**TASK TO COMPLETE**
In the entries below, find the line with "LAMPA PRZOD PRZEDNIA", then set it down exactly along with each line after it to the end, skipping any pictures.

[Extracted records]
..............................

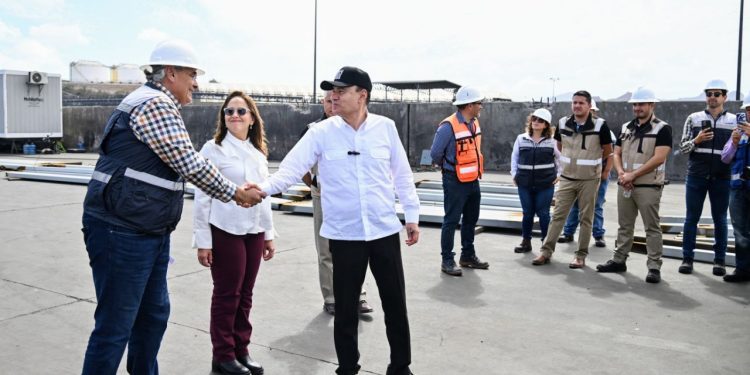 Recorre Gobernador avances de Modernización del Puerto y carretera Guaymas – Chihuahua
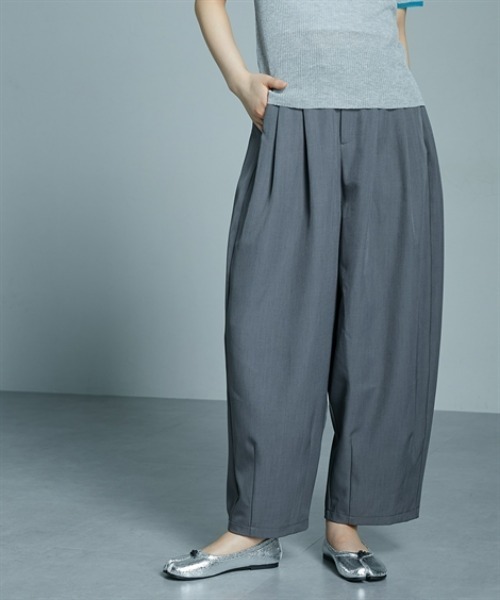 Soiunique（スワユニーク）の「落ち感素材ゆったりサイズサーカスパンツ ［Soiunique］（その他パンツ・レディース・ブラック/ベージュ/チャコール・M/L/LL）」の4枚目の写真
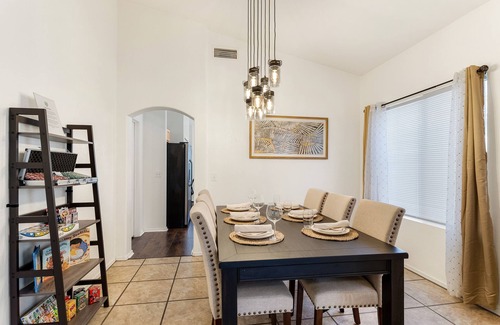 Continental Ranch House | Snowbird Haven! Hike, Bike, Shop.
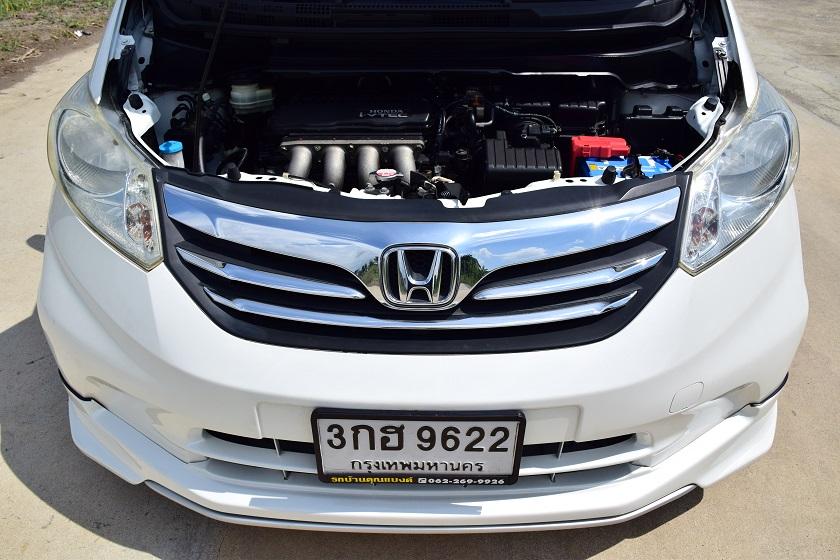 ปี2014 สวยพร้อมใช้ในฉบับครอบครัว HONDA FREED1.5E ออโต้ แอร์หลังคาแล้วไมเนอร์เช้น เบาะหนังแท้ กุญแจรีโมทล้อแม็กชุดแต่งรอบคันCD ABS AIRBAG โทร0957401229 รูปที่ 3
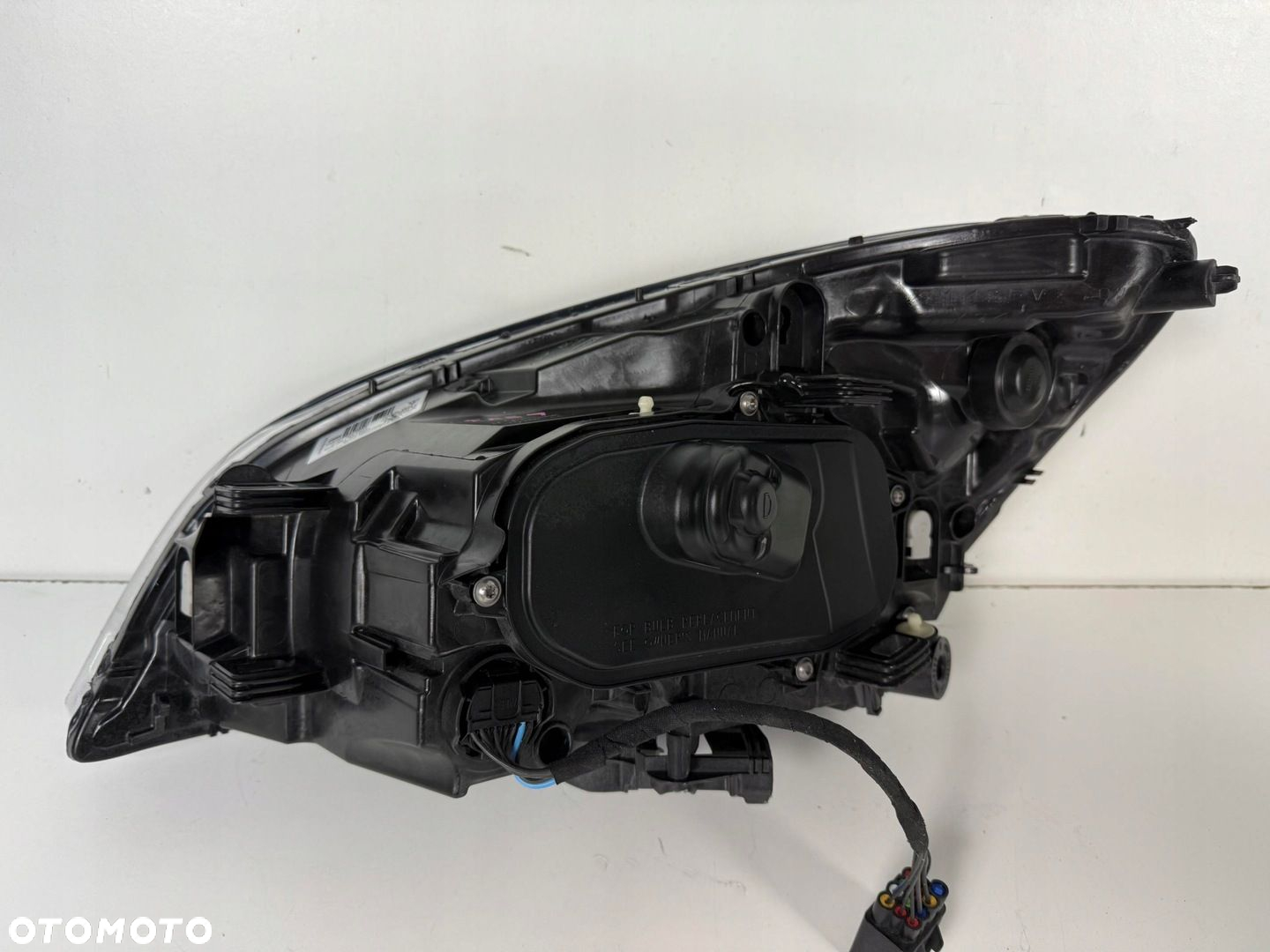 LAMPA PRZOD PRZEDNIA PRAWA VOLVO S60 II V60 I BI-XENON 31420674 CALA EUROPA - 8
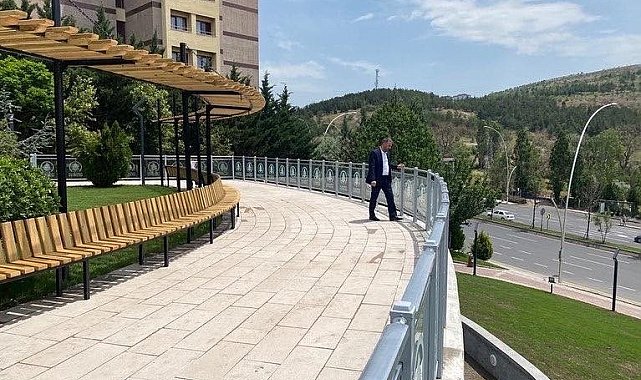 Pursaklar Belediyesinden Necip Fazıl Kısakürek Parkı'na estetik dokunuş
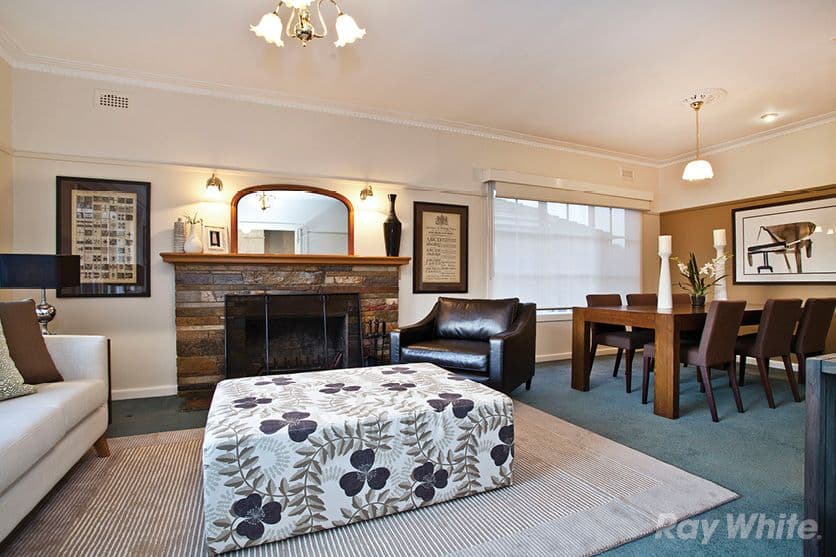 100 Roslyn Street, BURWOOD VIC 3125, Burwood - Thumbnail 2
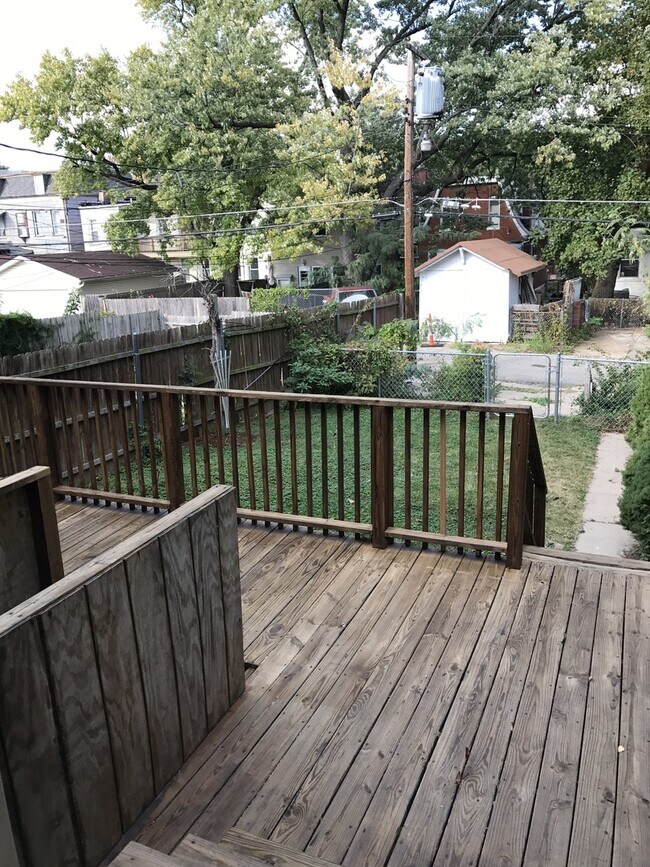 Building Photo - Stunning Large Home near Tower Grove Park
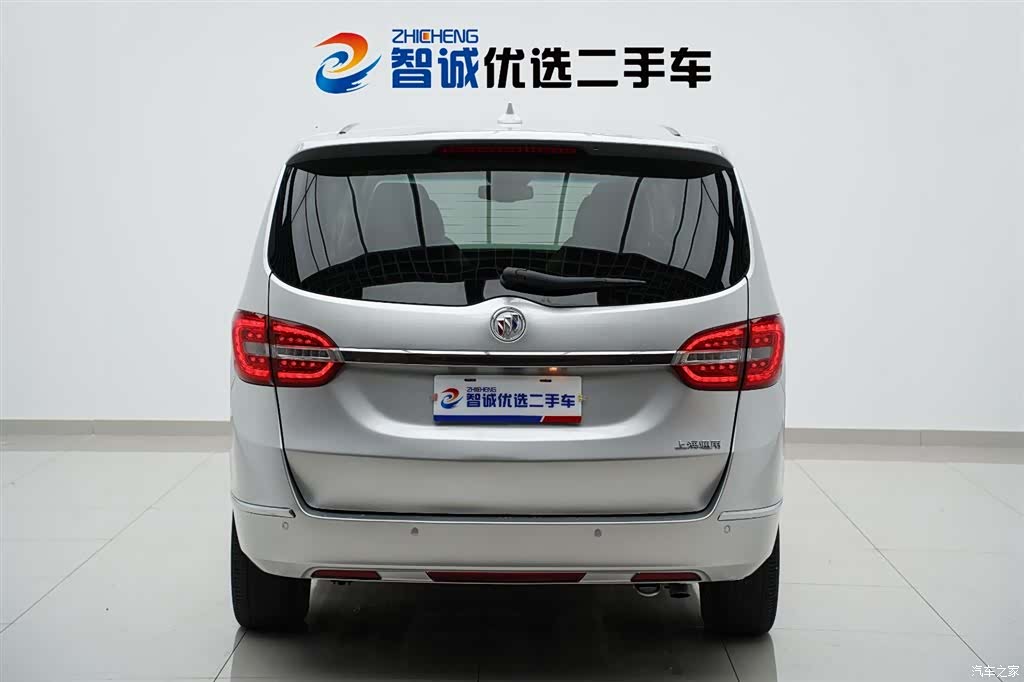 Buick GL8, 2014 4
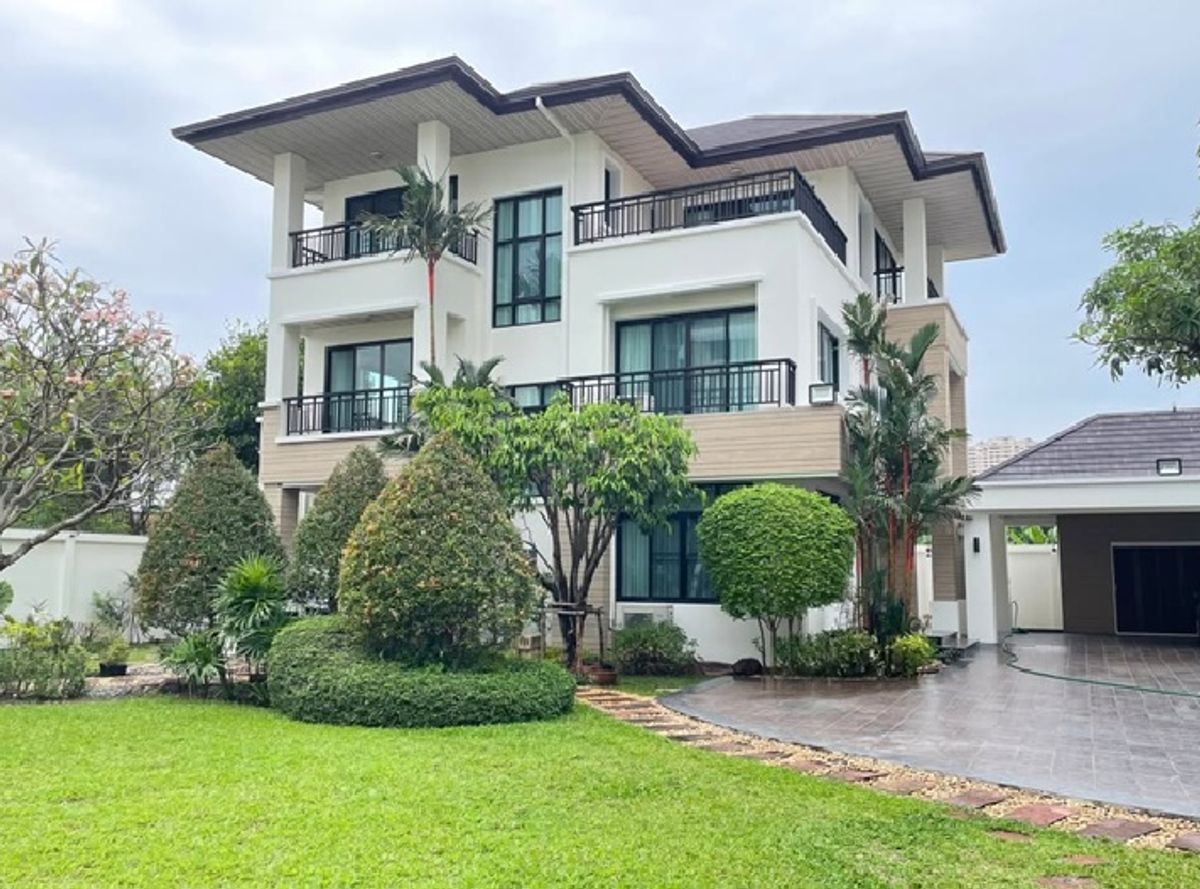 ให้เช่าบ้านรัชดา ห้วยขวาง : For Rent ให้เช่าบ้านเดี่ยว 3 ชั้น หลังใหญ่ ซอยรัชดาภิเษก 32 บ้านสวยมาก แอร์ 10 เครื่อง / เฟอร์นิเจอร์ครบ Fully Furnished / ไม่อนุญาตสัตว์เลี้ยง อยู่อาศัย หรือ Home Office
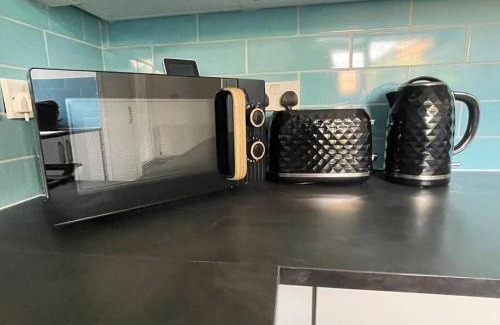 Peterborough Apartment | 5 Beds , Full House , Parking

..............................

**SOLUTION TO THIS EXERCISE**
 LAMPA PRZOD PRZEDNIA PRAWA VOLVO S60 II V60 I BI-XENON 31420674 CALA EUROPA - 8
 Pursaklar Belediyesinden Necip Fazıl Kısakürek Parkı'na estetik dokunuş
 100 Roslyn Street, BURWOOD VIC 3125, Burwood - Thumbnail 2
 Building Photo - Stunning Large Home near Tower Grove Park
 Buick GL8, 2014 4
 ให้เช่าบ้านรัชดา ห้วยขวาง : For Rent ให้เช่าบ้านเดี่ยว 3 ชั้น หลังใหญ่ ซอยรัชดาภิเษก 32 บ้านสวยมาก แอร์ 10 เครื่อง / เฟอร์นิเจอร์ครบ Fully Furnished / ไม่อนุญาตสัตว์เลี้ยง อยู่อาศัย หรือ Home Office
 Peterborough Apartment | 5 Beds , Full House , Parking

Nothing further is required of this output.